Yesterday we celebrated Thanksgiving, and many of us gathered with family and friends to share a meal. And yes – historically, Thanksgiving is a time people gather to give thanks to GOD, but for me, that is every day, all day.

Note: visit Hillsdale College to learn the history of Thanksgiving

No, this post is not about the “day” of Thanksgiving but the heart of prayer.

I was recently at a public meeting where people with “titles” gathered and shared thoughts about November 8th and things going on in Indianapolis. When it was over, a person approached me and asked, “What is it that you do?” Thinking for a moment about how to justify my being there, I said: “I am an intercessor, and I connect people that have needs with people who can fill those needs.” A bit confused, the woman said, “Oh, you’re an organizer,” and then walked away.  

I know who I am, though when I look around the room and see all the “titles,” I may forget – I am a redeemed child of God and in constant dialog with Him. Knowing that I can rightly do so, not because of anything I have done – but everything to do with what Jesus has done. 

I was asked to pray yesterday when we gathered around the delicious food. Surprised, I spoke a brief prayer. I didn’t overthink it until later when condemning phrases began to swirl in my thoughts.

Phrases like:

You missed the opportunity to thank Jesus for your redemption.

You didn’t thank God for the people in the room and how important they are to you.

You didn’t even ask God to help unite the United States.

These harassing phrases accused me of failing or even missing the opportunity to represent the Kingdom of God.

Trying to brush thoughts off of me and not to allow them to rise above the knowledge of God – in other words- not let these condemning words take precedence over what God says about me. I realized that those words were coming from a religious spirit.

Some people might be asking;  But Georgia, isn’t that how we are to be, religious? Years ago, I would have said; yes. Today though, I say no, this isn’t how we should be.

As I understand the Old and New Testament, I realize that the ‘religious’ Teachers and Pharisees had issues with Jesus’ ministry. With the legalistic traditions, they failed to understand that Jesus fulfilled the scrolls they routinely read publicly and taught from. He was making it easy for people to connect with God personally.

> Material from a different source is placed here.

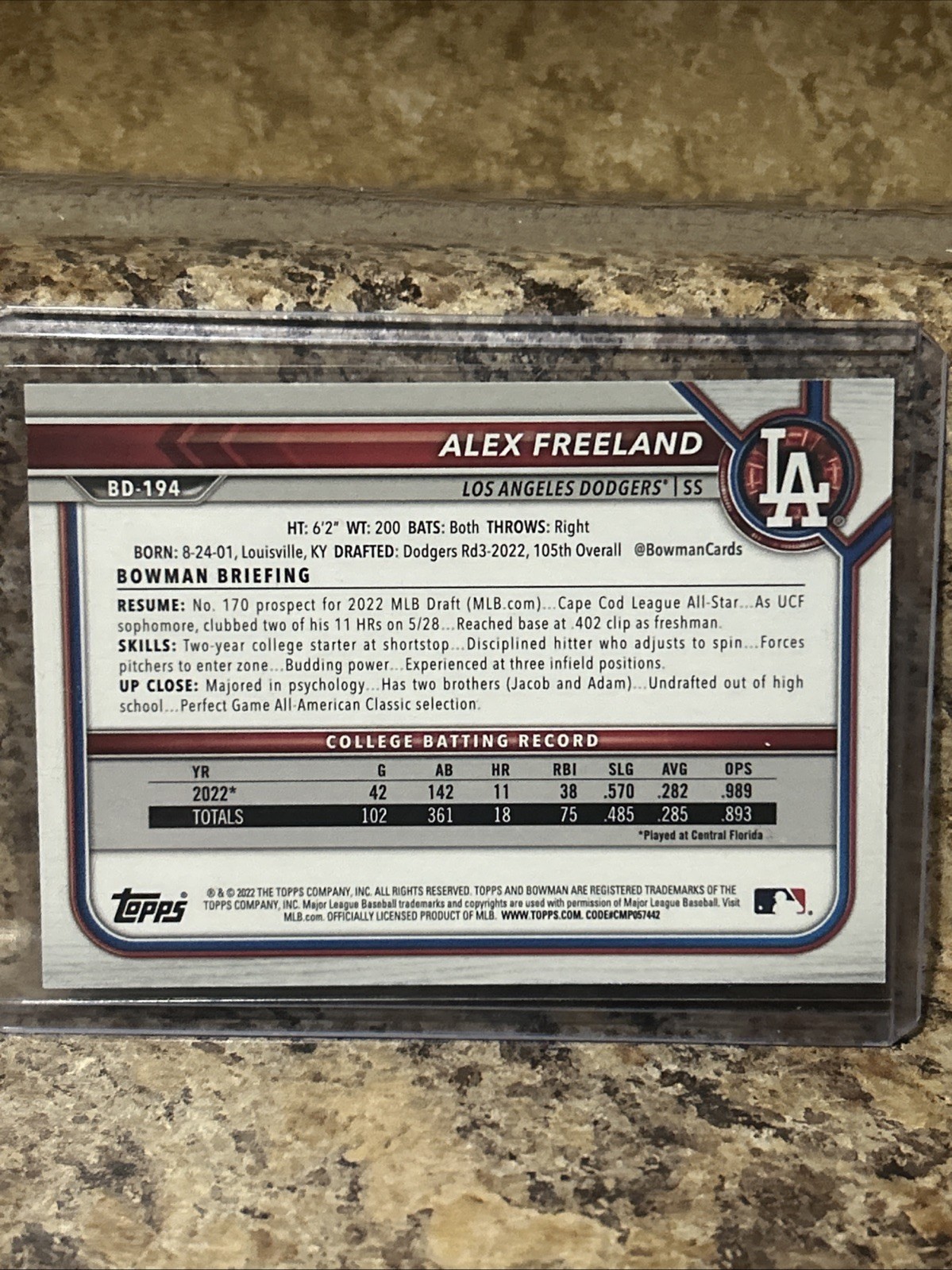 2022 1st Bowman Paper 1st Edition Yellow /75 Alex Freeland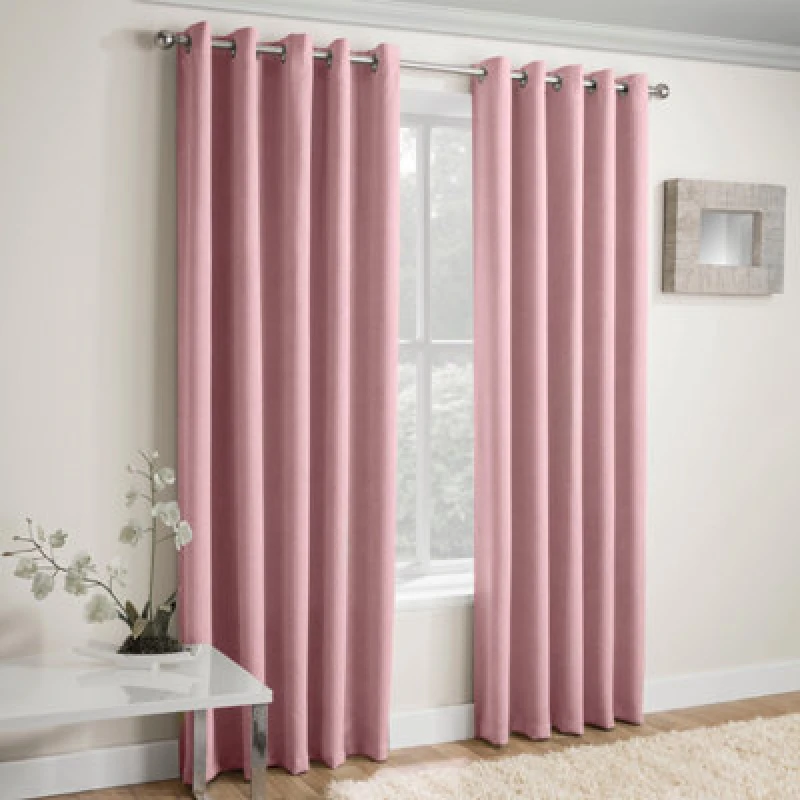 Image of Enhanced Living 'Vogue' Pink Eyelet Thermal Noise Reducing Dim Out Curtains Pair Pink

An article on 4-10-2015 on the: Living For Jesus Alone Ministries website explains the differences between being a Christian and being a religious person. You should check it out.

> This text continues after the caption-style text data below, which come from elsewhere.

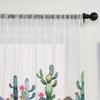 2PCS Digital Printed Sheer Curtain, Cactus Succulent Plant Print, Boho Desert Southwest for Living Room Bedroom Home Decor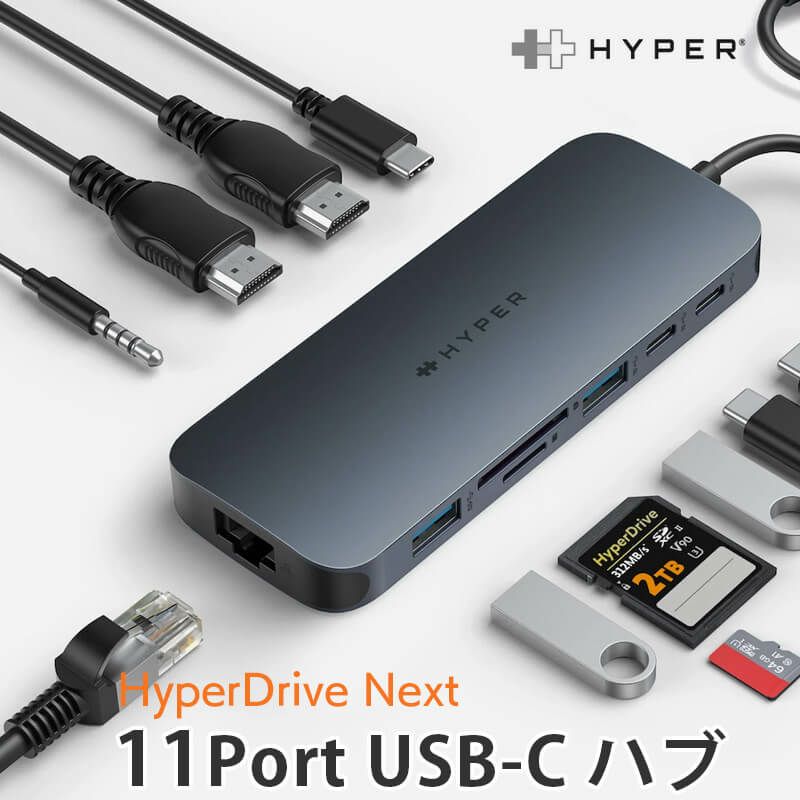 USB 3.2 ハブ usb Hyper 高速データ転送 タイプc Dual HDMI変換アダプター イーサネットアダプター 140W PD Hyper オーディオジャック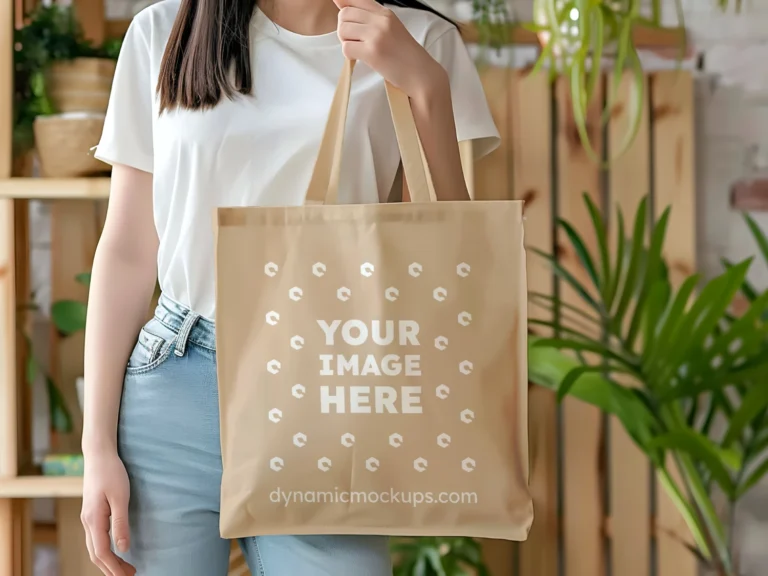 Woman Holding Beige Tote Bag Mockup Front View Template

Being religious is to rely on your ability to do things that would grant you “right” standing before your god. Whereas being Christian is acknowledging your inability to have “right” standing due to our sinfulness and accepting Jesus as the son of God, our Savior and Lord.

It doesn’t stop there. That is the beginning of the Christian walk. As you spend time in a relationship with God the Father, Jesus the redeemer, and Holy Spirit the helper, a person begins to be transformed. In other words, their heart begins to change, and instead of having the sinful nature listed in Eph. 5:19-21, they have the spirit of love, joy, peace, forbearance, kindness, goodness, faithfulness, gentleness, and self-control (Eph 5:22-23).

So, what does all of this have to do with prayer at the Thanksgiving table?

When people gather for the holidays with family and friends,  there are individuals from all walks of life. Prayers are not to convey arrogance or even judgment. That is not the heart of Christ. Also, it doesn’t need to be wordy.

Unfortunately, in the past, I had to pray about everything each time I had the opportunity to join others, bowing my head and folding my hands to pray. Over the years, I have learned to allow Holy Spirit to give me direction in my prayer time.

There are many areas in today’s world where we can make our requests known to God, and there is a time and a place for each.

I want to remind everyone that when we pray over food during the holidays, let us be grateful to the Lord God for the many provision he has placed in our lives; most people can agree on that. Also, let us ask God to bless the food to nourish our bodies; again, everyone can agree. But above all, let our prayers be sincere and come from our hearts, not just words we believe everyone expects us to utter.